Did Roger Ebert Destroy American Film Criticism? - bokonist
http://mensnewsdaily.com/2010/08/23/did-roger-ebert-destroy-american-film-criticism/

======
siglesias
This is an article bashing Ebert and siding with contrarian "intellectual"
film critic Armond White. Here's what Armond White wrote of Toy Story 3:

"But Toy Story 3 is so besotted with brand names and product-placement that it
stops being about the innocent pleasures of imagination—the usefulness of
toys—and strictly celebrates consumerism."

Let's pick apart his argument. I'm guessing that for White a movie in which
children grapple with adolescence and sentimental value over their childhood
belongings is celebrating consumerism. In my book celebrating consumerism
would be a movie about a child not being able to decide what new toy to buy at
Toys R' Us.

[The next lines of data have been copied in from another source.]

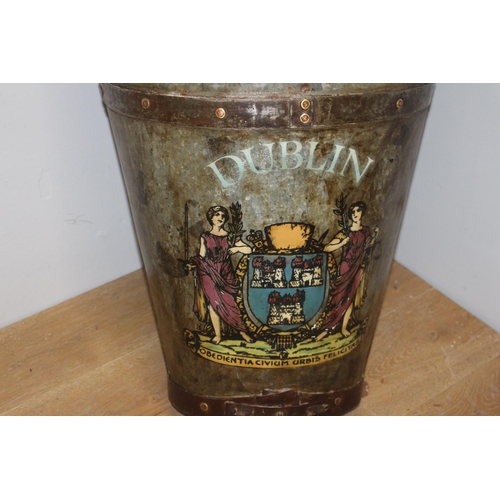 193 - Metal log basket with painted Dublin Castle amorial {76 cm H x 59 cm W x 26 cm D}.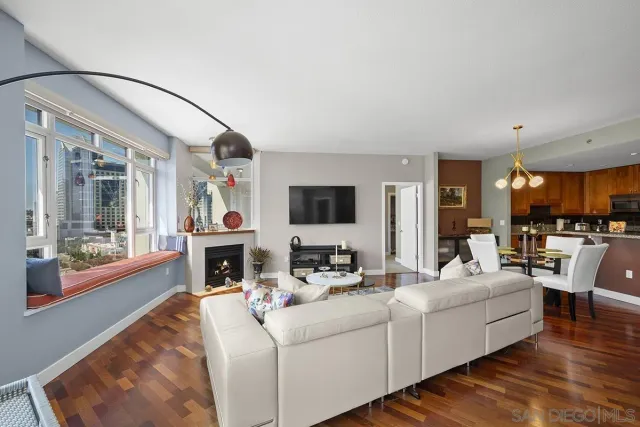 a living room with fireplace furniture and a flat screen tv
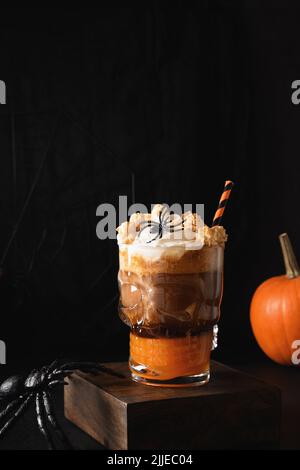 Halloween Kürbis Gewürzkaffee Latte verzierte Spinne und Popcorn in stilvollem Glas als Möwe auf schwarzem Hintergrund. Vertikales Format. Stockfoto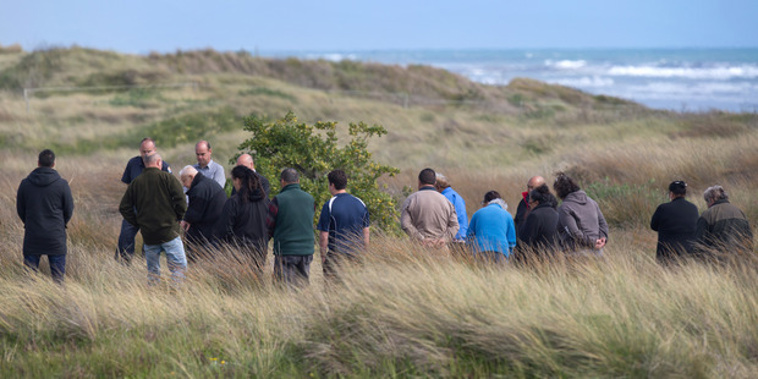 A blessing yesterday held on the beach where Alex Fisher's body was found (Mark Mitchell)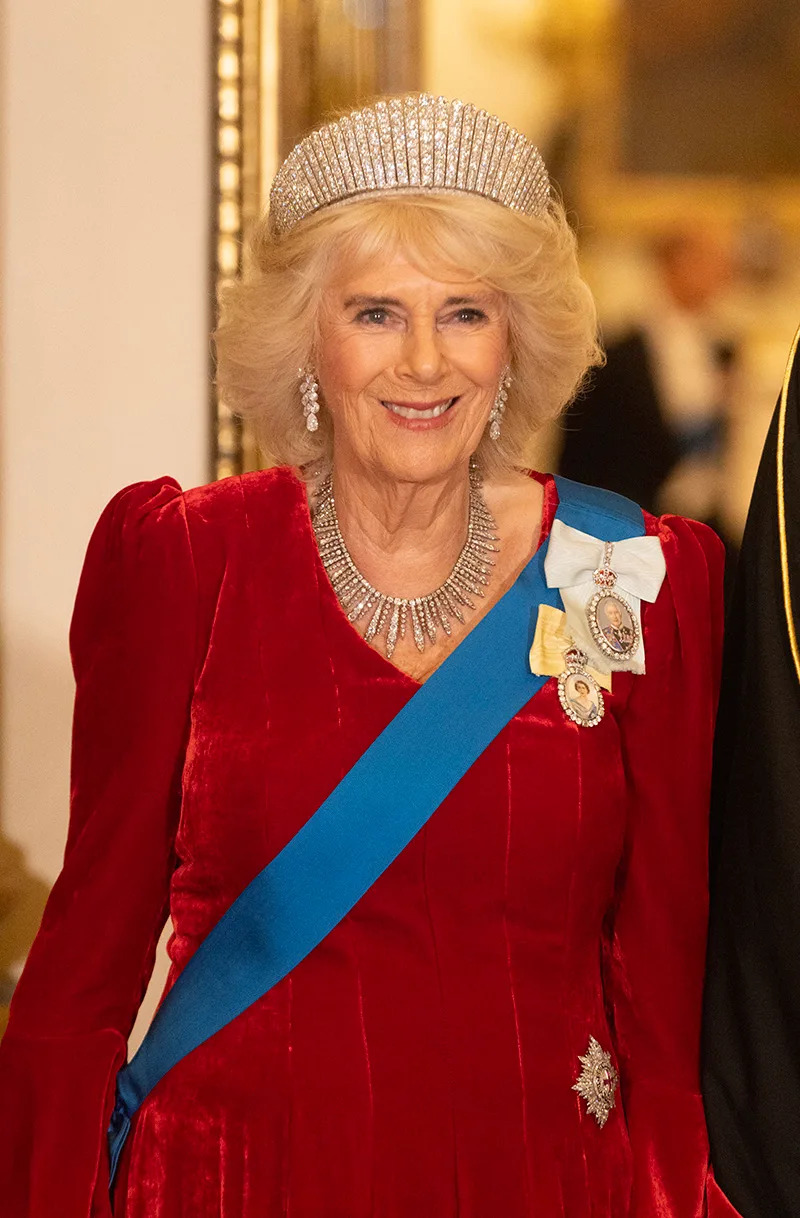 LONDON, ENGLAND - DECEMBER 3: Queen Camilla attends the state banquet for the Emir of Qatar Sheikh Tamim bin Hamad Al Thani at Buckingham Palace during day one of The Amir of the State of Qatar's visit to the United Kingdom on December 3, 2024 in London, England. His Highness Sheikh Tamim bin Hamad Al Thani, Amir of the State of Qatar, accompanied by Her Highness Sheikha Jawaher bint Hamad bin Suhaim Al Thani, will hold several engagements with The Prince and Princess of Wales, The King and Queen as well as political figures. (Photo by Ian Vogler - WPA Pool / Getty Images)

Consumerism, at its worst, is about companies convincing you that
your old stuff isn't good anymore and to forget it and to buy the new stuff.
Toy Story is about just the opposite. But you wouldn't think that right away
for the seductive allure of agreeing that a popular movie "celebrates
consumerism."

My point is that Armond White takes big words, in the tradition of French
literary and film criticism, drops them in to troll and get attention, and
then sheepishly backs off when you try to scrutinize what he says. This is the
same school that brought you "the author is dead" and "writing precedes
speech." There's nothing for White to defend here. His way of doing criticism
is a house of cards.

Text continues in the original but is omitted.